Scratch your own itch is great advice if you want a guaranteed customer base of 1.
As it turns out though, it’s not typically fantastic advice if you want 10,000.
The graveyard of products scratching a single guy’s hairy back is much bigger and more representative of what actually happens than the few you’ve heard about on How I Built This.
Want a better business/product idea? Go try to collect the money already being spent.
Principle: The cereal is not for you.
A friend of mine named Sean O’Rourke has launched dozens of new products very successfully over the last decade. His analogy:
Jack and Jill each want to create a cereal brand.
Jack thinks of all his favorite’s from childhood - flavors, textures, ingredients, etc.. He talks to all the manufacturers, and in 1 year comes out with something he really loves. All his friends like it, too.

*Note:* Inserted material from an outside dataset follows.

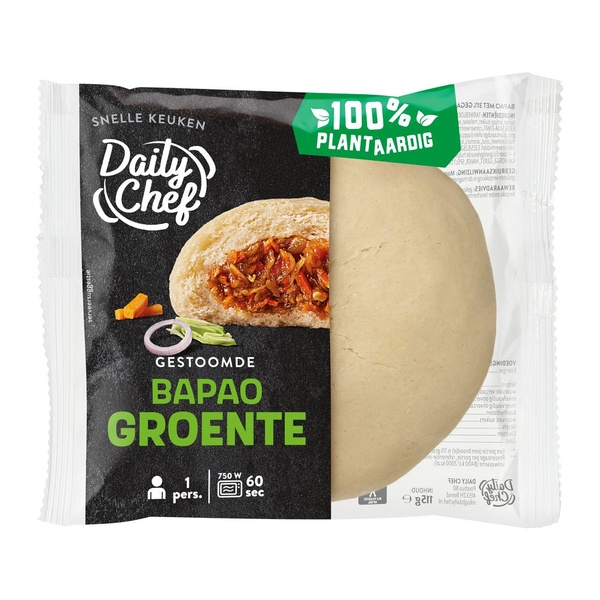 Daily Chef bapao groente voorkant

Jill’s favorite is Cocoa Puffs, but she ignores that and drives to Walmart. For 6 months, she stands in the cereal aisle observing people’s behavior, asking questions. Which ones fly off, which ones go stale? What color boxes are the most picked? Do people buy more chocolate, cinnamon or fruity? Does the box make any health claims that seem appealing? How many grams of sugar in each best-seller?
In 6 more months, Jill has a perfect competitor to the cereals currently being purchased, knows exactly how to position it, how to differentiate it, where to put it on the shelf, and who will buy it.

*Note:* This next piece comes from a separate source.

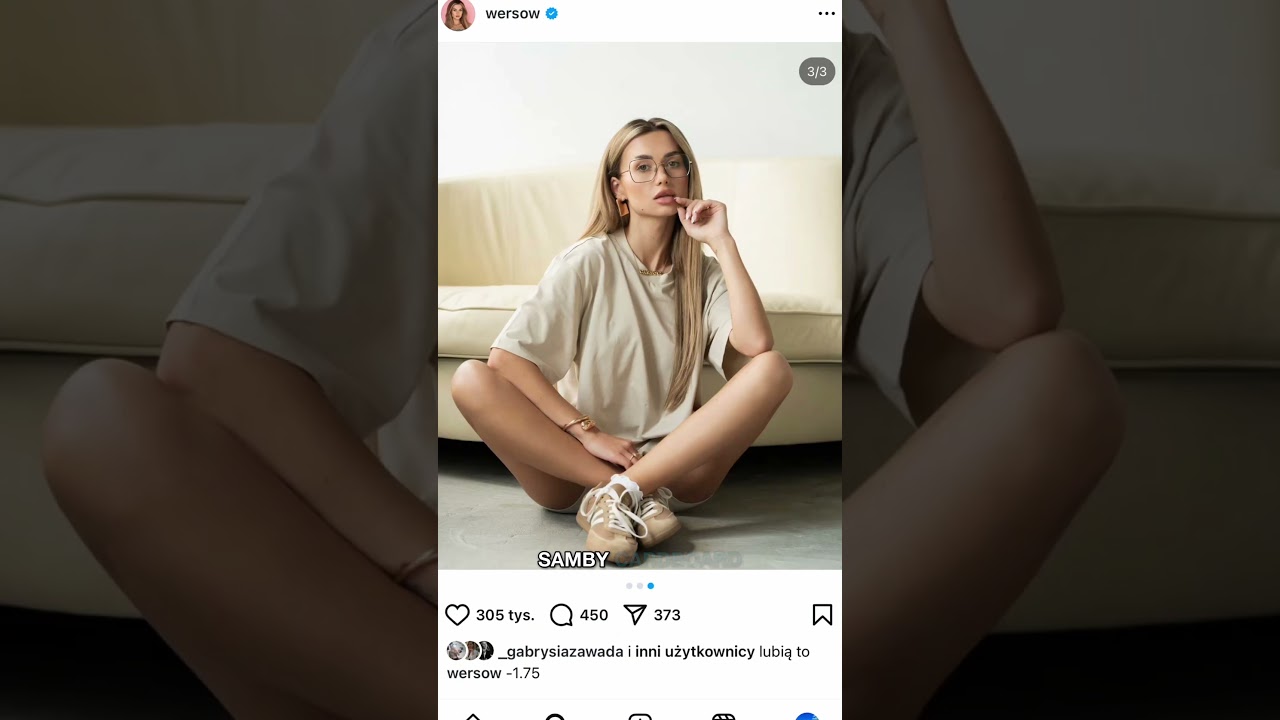 JAKIE BUTY NOSI WERSOW 🥰🥰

Jack’s brand might do well. Jill’s brand almost certainly will.
Tactics
If you’re hoping to develop a new product or start a business, identify a trend in culture or consumerism that you’d enjoy diving into.
Find a topic related to that trend using Google Trends, Exploding Topics, or Treendly. Find what the people are already searching for.
When you find something that fits within this domain, gather every product/solution for sale on the face of the earth in that niche, and start a spreadsheet.
Columns: Name + link | subtitle description | observed target audience (who are they selling to? | positive review highlights (what do people love?) | negative reviews (what do people hate?) | price | what’s the emotional payoff?
You make a list of 50-100, all carefully analyzed and scrutinized (yes it will take time, just like all $10M brands should), you’ll have a great idea of what product you should create.
Habits
Make that spreadsheet, and just start paying attention to what people are buying and searching for now.
Find a new product within that category every day.
You might not find anything interesting today. But within 6 months of your nose to the ground, you’ll smell something.